杨度利用杜月笙的私人顾问的特殊身份,以受到杜月笙的器重、尊敬为掩护,大范围、多方位地与上海社会各界人士结交来往,在茶馆、酒楼、牌桌,或者影院、剧场、宾馆等娱乐场所的应酬游乐中,收集来自黑白两道、军政各界的各种情报,然后通过秘密渠道及时转送给单线联络人潘汉年。后来,党组织又指定在上海文化界从事地下工作的夏衍接替潘汉年与杨度单线联系。起初,由于地下工作的纪律要求,夏衍不问也不知道这位情报员是何人,只晓得这位很绅士的长者是个秘密党员,不需要参加党内的组织生活。根据组织规定,夏衍每月与杨度联系一次,杨度把情报装在用火漆封印的信封内交给夏衍。月复一月,两人相互熟悉之后,当杨度亲口告诉他“我就是杨皙子”时,夏衍惊愕了,自己负责单线联系的秘密党员竟然就是当年帮助袁世凯复辟称帝的杨皙子杨度。
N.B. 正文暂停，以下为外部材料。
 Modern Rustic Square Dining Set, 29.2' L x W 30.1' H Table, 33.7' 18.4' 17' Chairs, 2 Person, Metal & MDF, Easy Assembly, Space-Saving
尽管杨度秘密加入中国共产党一事十分隐秘,但党内高层的几位领导和相关部门的负责人还是知晓了。有人认为杨度是一个复辟封建帝制的极端保守分子,一个研究佛学的有神论者,怎么可能信奉马列主义,怎么可能为人民大众服务呢?有人对杨度持不信任态度,并怀疑他的入党动机。杨度听说后,颇为生气地对夏衍说:“我是在白色恐怖最严重的时候入党的,说我投机,我投的是杀头灭族之机!”事实正像杨度说的,入党后,杨度意识到工作的危险性,就将年迈的母亲送回湖南长沙,他已经做好了随时为革命献身的准备,同时还发动和依靠妻儿帮助自己工作,凡遇有重要而紧急的情报,自己又临时脱不开身时,杨度就让妻子徐粲楞或女儿杨云碧,以假装外出购买日常用品的方式,及时将情报交给地下党组织。
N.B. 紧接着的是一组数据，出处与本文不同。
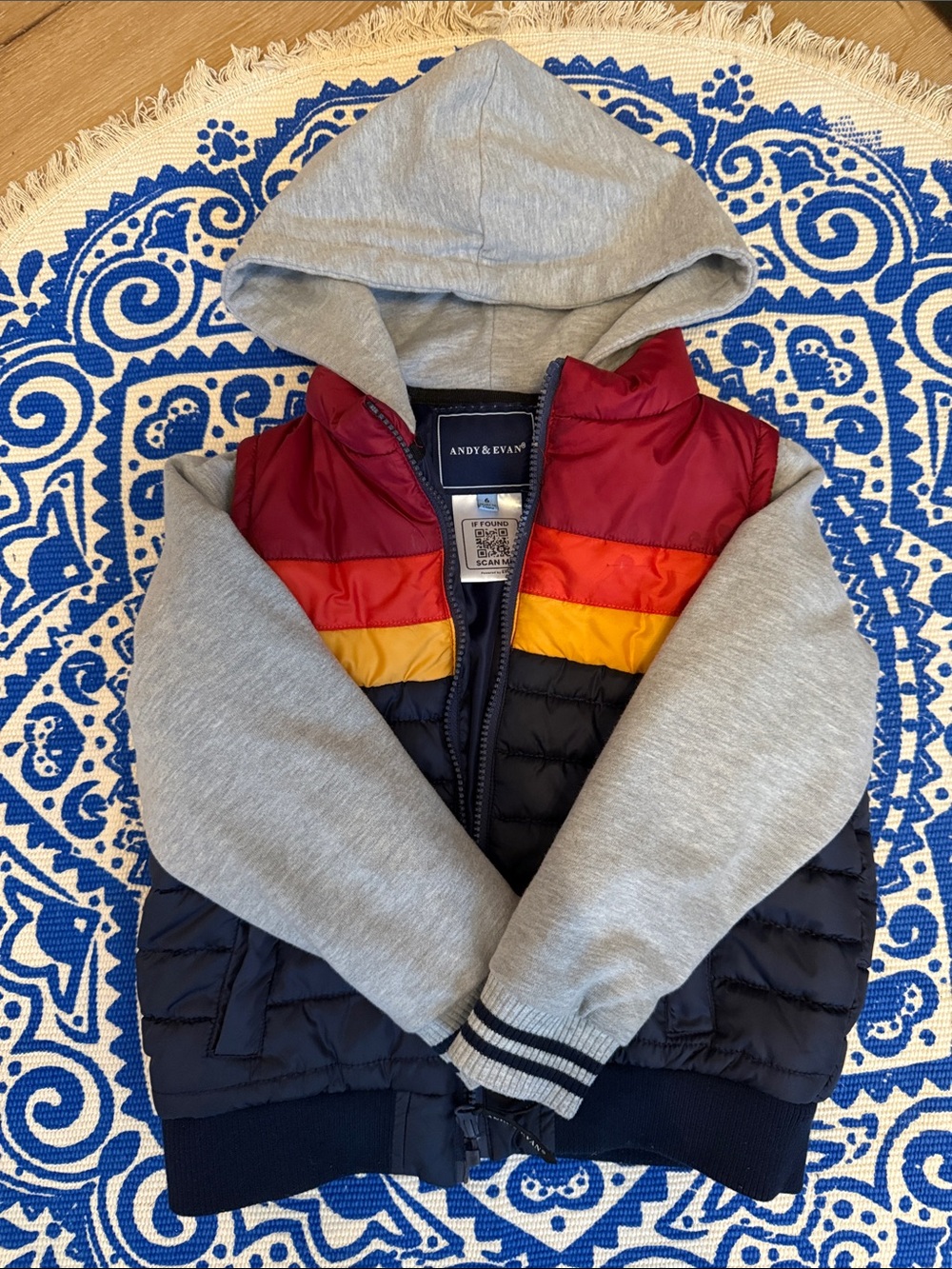 Andy & Evan Red, Orange, Yellow & Navy Hooded Colorblock Puffer Jacket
一生精明的杜月笙萬万没有想到,自己为了感情投资而无偿提供给杨度一家居住的洋房,在杨度生命的最后两年里竟成了共产党人的避难所。其实,当时杨度也是为了便于为党组织做情报工作,才接受了杜月笙这般慷慨大方的安排。1931年4月24日,中央特科负责人、三科科长顾顺章在武汉被捕叛变,陪同他去武汉执行任务的董健吾随即被出卖。董健吾大革命失败后加入中国共产党,是中央特科的成员,平时以圣彼得堂主持牧师的公开身份作掩护。身份暴露后,董健吾冒着生命危险日夜兼程潜回上海向组织报警。为了躲避敌人的疯狂搜捕,周恩来安排他到杨度的家里住下。薛华立路这幢洋房因为是杜月笙名下的房产,敌人压根就没有怀疑这里,法租界的巡捕甚至还负有保护其安全的责任。董健吾在杨度家一住就是几十天,一直等大搜捕结束后才安全离去。像董健吾一样,有许多同志在党的地下组织遭到破坏的危急关头,得以在杨度家隐藏并妥善转移,杨度家在我党地下工作者的心目中成了一座安全岛。
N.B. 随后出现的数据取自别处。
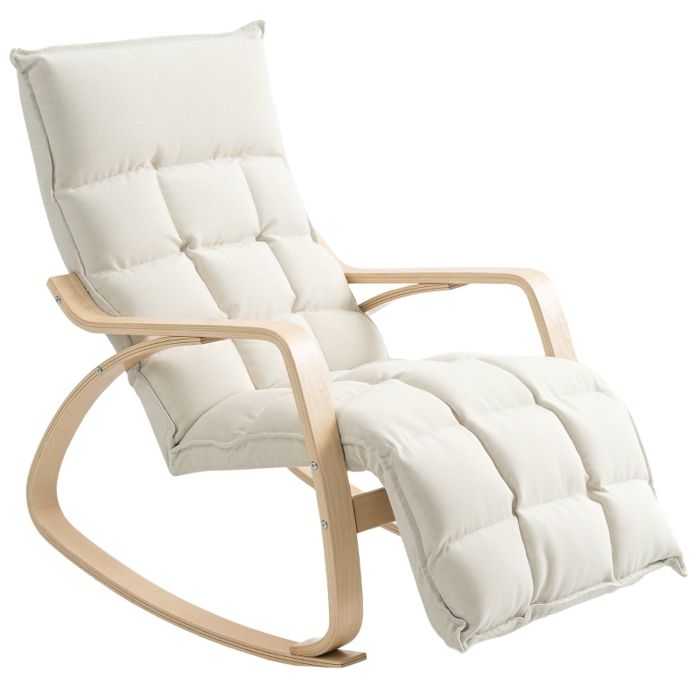 Fauteuil à bascule - Crème blanc - Polyester - 106x67x92 cm - Balancement doux - Repose-pieds réglable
晚年的杨度和周恩来成了莫逆之交,杨度对比自己年轻二十多岁的周恩来十分敬佩,开口翔宇兄,闭口伍豪兄;周恩来对杨度也非常信赖,他对杨度说:“皙子先生,历史会替你说公道话的!”
作为中央特科秘密党员的杨度,在他一生的最后两年,利用在杜月笙身边的特殊身份,在周恩来的直接领导下,为党的事业做了别人难以替代的秘密工作,然而,他的工作属于中国共产党的特别机密,在他生前极少有人知情,所以在他病逝之后,隐蔽战线的这段历史被尘封了40多年之久。直到1975年的某个冬日,被病魔折磨得经常处于半昏迷狀态的周恩来总理,当神志稍微清醒时,把秘书叫到病床前,嘱咐秘书转告有关部门负责人王冶秋这样一件事:“当年袁世凯称帝时,‘筹安会六君子的第一名杨度,最后参加了共产党,是我介绍并直接领导他的。请告诉上海 《辞海》 编辑部,《辞海》 上若有‘杨度词目时,要把他最后加入共产党的事写上。”
三
杨度这段鲜为人知的重要经历本该早就公之于世,然而新中国成立不久,由于潘汉年同志过早地被错捕并长期被关押,当年中央特科领导秘密党员开展对敌斗争的英勇事迹也随之受到不公正的对待,甚至遭到屏蔽,即使与杨度曾单线联系的夏衍同志,也因政治环境和自身遭遇所限制而无法道出真情,只有亲自批准杨度入党的周恩来,始终牢记着杨度的贡献,在默默地等待着合适的政治气候和时机。
1978年7月30日,时任国家文物局局长的王冶秋在 《人民日报》 纪念周恩来的文章中将杨度秘密加入中国共产党的内幕向世人公布,夏衍和曾是中央特科成员的李一氓等人随后也遵从周恩来的嘱告,分别在 《人民日报》 发表专文,介绍杨度晚年为中国革命作出的独特贡献。当我们翻开 《辞海》,可以看到在“杨度”这一词目的最后赫然写着:“1929年秋加入中国共产党,在白色恐怖下坚持党的工作。”
杜月笙于1951年8月16日在香港病逝。留沪的杜维翰得到其父死去的消息后,找到时任上海市副市长的潘汉年,希望在上海的报纸上发讣告。潘汉年经过请示,上海的 《新闻日报》 刊载了讣告,共产党人宽广的胸襟令杜月笙的家属和门徒们深为感动。杜月笙至死也不知道受到自己隆重礼遇、为自己效劳了三年之久的杨度的真实身份,他一直认为杨度是为祠堂落成典礼操劳而累病致死的,对此还颇有负疚之情。殊不知,当时的杨度鞠躬尽瘁,为的不是他杜月笙,而是肩负重任,心早已系念国家和民族的前途、命运了。杨度生前为自己撰写了一副挽联:“帝道真如,如今都成过去事;匡民救国,继起自有后来人。”以此来表明自己的一生经历。
杨度原被安葬在上海江湾公墓,后上海沦陷,日寇要在江湾修建机场,勒令迁坟,故他的墓地移至西郊。十年浩劫,杨度墓不幸被毁。1978年,杨度墓在上海虹桥路万国公墓重新修复,“湘潭杨皙子先生之墓”的旧碑石矗立在新墓前。考虑到后人大多不知“杨皙子”是何许人,政府有关部门特请赵朴初题写“杨度之墓”,放置在旧碑石之前,并刻上200多字的杨度生平碑文,供世人观瞻缅怀。